Matrix M, when linearized by columns, is a vector reflecting highly representative sequence data, which we designate as a higher-dimensional vector (HDV). The SWeeP model projects these HDVs onto a quasi-orthonormal base, according to the Johnson–Lindestrauss lemma²², aiming to enable efficient performance with large data sets.

The following steps are used to convert amino acid (aa) sequences to SWeeP vectors.

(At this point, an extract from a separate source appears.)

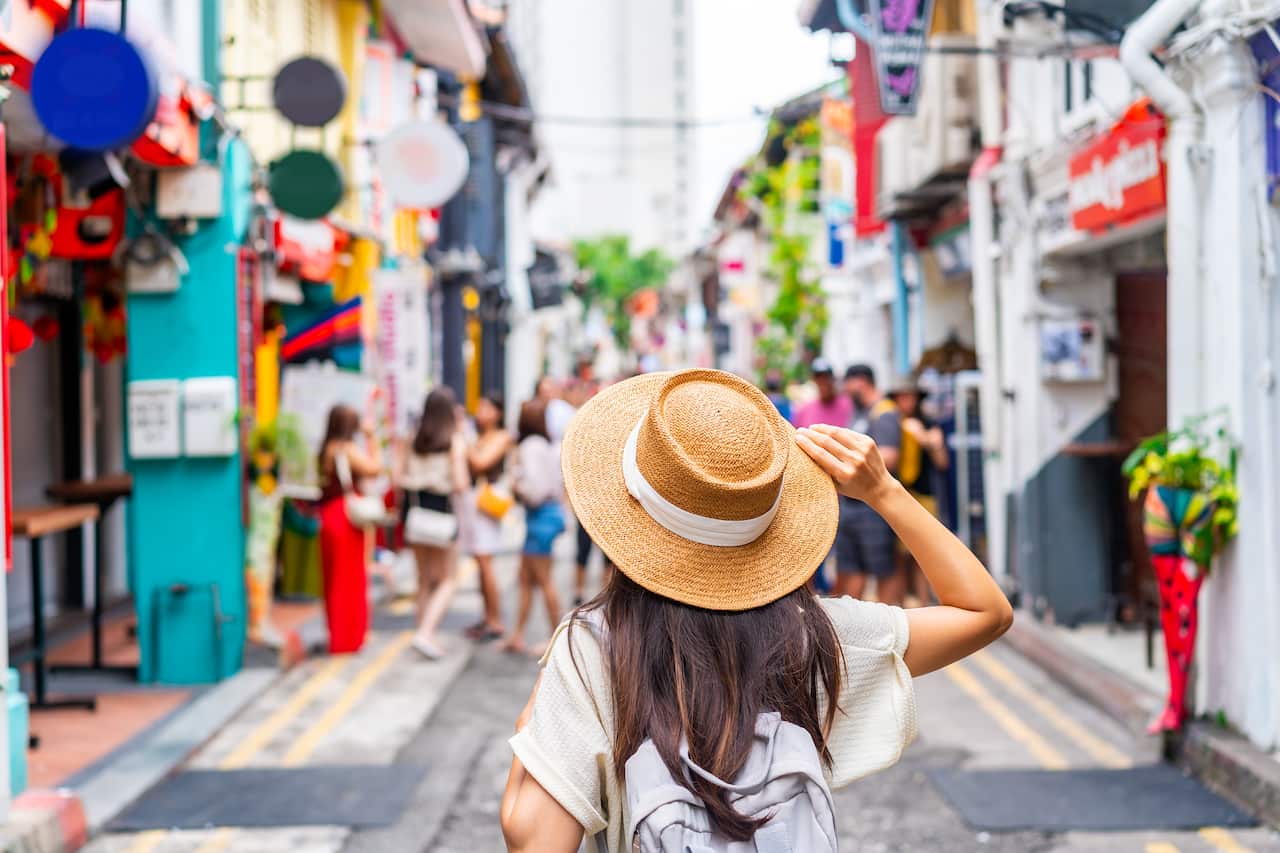 A woman walks through a colourful street.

For a given amino acid sequence \(\,({S}_{i})\), defined in 1:

$$({S}_{i}),\,{S}_{i}\in \,\{{\rm{A}},{\rm{R}},{\rm{N}},{\rm{D}},{\rm{C}},{\rm{Q}},{\rm{E}},{\rm{G}},{\rm{H}},{\rm{I}},{\rm{L}},{\rm{K}},{\rm{M}},{\rm{F}},{\rm{P}},{\rm{S}},{\rm{T}},{\rm{W}},{\rm{Y}},{\rm{V}}\},\,{\rm{representing}}\,{\rm{the}}\,{\rm{amino}}\,{\rm{acids}}.$$

(1)

$$i\,{\epsilon }\,I=[1,\,n]$$

Let \(\bar{N}\) be an integer pointing uniquely to a subsequence of \(({S}_{i})\) of length k according to a given indexing function f:

$$\bar{N}=f({({S}_{k})}_{k\le n})$$

(2)

We propose a reversible indexing function (f) to relate moving windows in \(({S}_{i})\) to coordinates in a matrix. Function f (Eq. 3) uniquely addresses the sequence in a given window, aiming to map all possible spaced k-mers to a matrix. Various functions could be used for this purpose; we chose the enumeration of the amino acid sequences starting from 1.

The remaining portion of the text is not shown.